Kepala Pelaksana Badan Penanggulangan Bencana Daerah (BPBD) Sragen, Sugeng Priyono, menyampaikan berdasarkan prediksi cuaca dari Badan Metorologi Klimatologi dan Geofisika (BMKG) musim kemarau akan berakhir sampai akhir November 2019. Sugeng mengaku bila alokasi APBD untuk bantuan air bersih ke 36 desa tersebut terbatas. Dengan SK Bupati itu menjadi pegangan dan payung hukum bagi BPBD untuk menerima dana dari mana pun, termasuk dari APBN, APBD Provinsi Jateng, atau dana masyarakat yang sah dan tidak mengikat.

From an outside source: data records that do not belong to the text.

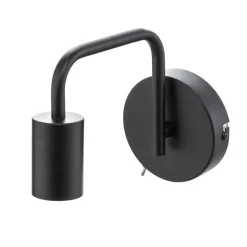 Wandlamp Diallo zonder kap zwart mat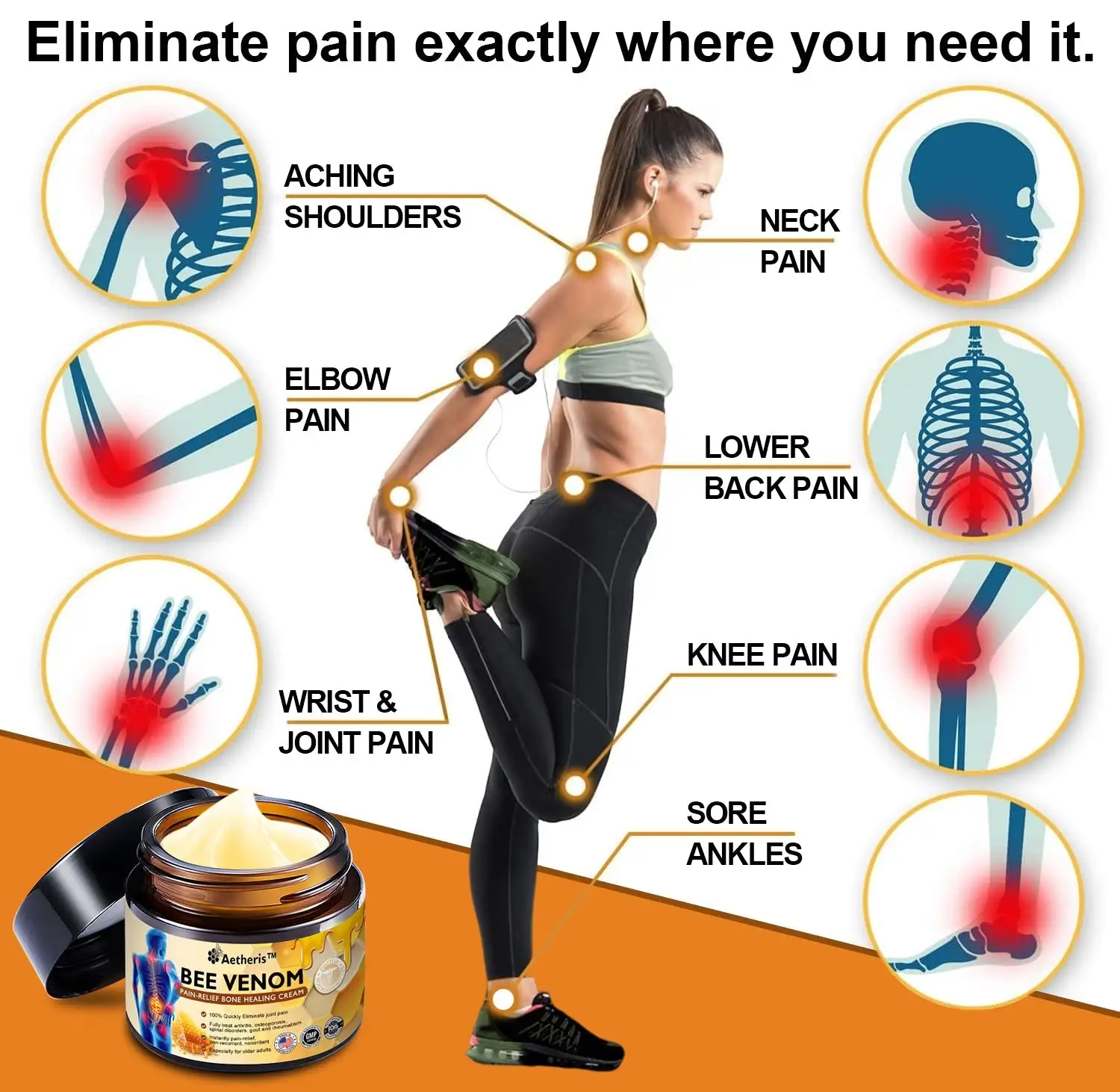 Bee-Venom Pain-Relief Bone Healing Cream - Image 7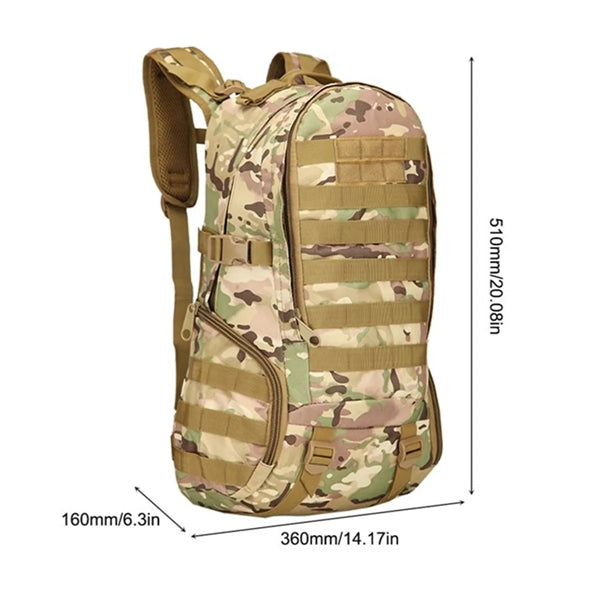 35L Waterproof Bagmilitary Adjustable Chest Strap Backpack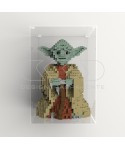 Cm 20 clear acrylic wall display case for Lego and miniature models.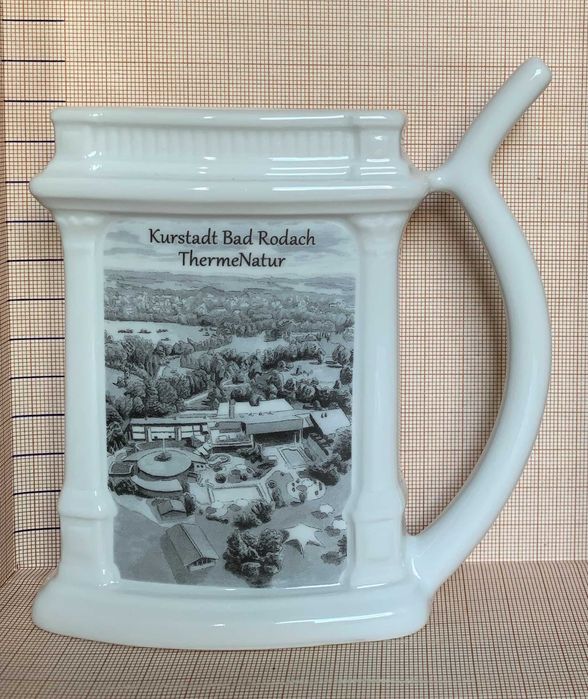 Pijałka porcelanowa Bad Rodach Niemcy ThermeNatur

“Kami mengimbau kepada para pimpinan perusahaan agar menyisihkan dana CSR untuk membantu saudara-saudara di 36 desa yang mengalami krisis air bersih. Bantuan air bersih yang dibutuhkan karena untuk kebutuhan tendon sudah dicukupi dari Bupati dan dana CSR sebanyak 130 unit, plus 5 unit dari BPBD, dan 2 unit dari CSR yang lewat BPBD,” ujar Sugeng saat berbincang dengan Solopos.com, Kamis (1/8/2019).

Sugeng berharap penyaluran bantuan air bersih harus dikoordinasikan dengan BPBD karena semua data daerah kekeringan ada di BPBD dan supaya tidak terjadi tumpang tindih dalam penyaluran bantuan air bersih. Selama ini, BPBD pun berkoordinasi dengan Palang Merah Indonesia (PMI) dan Perusahaan Daerah Air Minum (PDAM) Tirtonegoro Sragen dalam penyaluran bantuan air bersih. Sugeng menjamin bantuan air bersih sampai ke alamat tujuan.

Sugeng menyampaikan BPBD, PMI, dan PDAM mulai gerak distribusi bantuan air bersih sejak 1 Juli lalu. Selama sebulan terakhir, Sugeng mencatat ada 61 tangki yang didistribusikan BPBD, 65 tangki yang didistribusikan PDAM, dan 32 tangki yang disalurkan PMI. Distribusi air bersih yang dilakukan PDAM fokus berada di enam kecamatan, yakni Tangen, Jenar, Sumberlawang, Sukodono, Miri, dan Gesi. Bantuan paling banyak diberikan ke Dukuh Gobang Desa Banyuurip, Kecamatan Jenar.

Sementara distribusi air bersih dari PMI dikirim ke empat kecamatan, yakni Tangen, Jenar, Sumberlawang, dan Gesi. Sedangkan distribusi air bersih BPBD menyeluruh di tujuh kecamatan. “Sampai hari ini [kemarin], BPBD masih terus distribusi air bersih ke desa-desa sesuai permintaan,” ujarnya.